The point is that it doesn’t matter where you start from, you only need to change how you see things. Look inward and around at what you have at hand.  Be thankful for at least that much, then look for ways that it can be used to help someone or something else – especially at those times when you feel least able. I can only ask you to trust me on that, but it would be more useful for you to try it once or twice.

I’ve seen it start out in simple ways like the guy finally able to say the words, “I was wrong”, and another who started a food bank drive at the company she worked for.

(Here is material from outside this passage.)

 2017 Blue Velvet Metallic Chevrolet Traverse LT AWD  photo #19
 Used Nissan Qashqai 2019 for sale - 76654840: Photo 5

I can see it being things like starting a business or charity to help whatever need in your heart, or a finance industry that encourages genuine savings by offering genuinely decent saving account interest rates.  It’s never too late to change direction, after all, all it is, is changing your mind about what you need.

R.I.P. Me

R.I.P. becomes Live more in Peace

How do we want to be remembered?  The advice was simple, on the face of it, but the results took me to wondrous places that I had no idea I wanted to be. It’s a bit scary for me to try to imagine now what my world might have been if I hadn’t had that magazine intervention.

One last word on this advice, a meaningful life isn’t perfect either – far from it.  The only perfect expectation is embracing the knowledge that our best work is about giving the best we have at the moment.

So think about your end for a bit, and then go live up to your service.  Works for me so far. Usually.

RL

Written in reply to the WordPress weekly writing challenge: What’s the best, or worst, piece of advice you’ve ever gotten?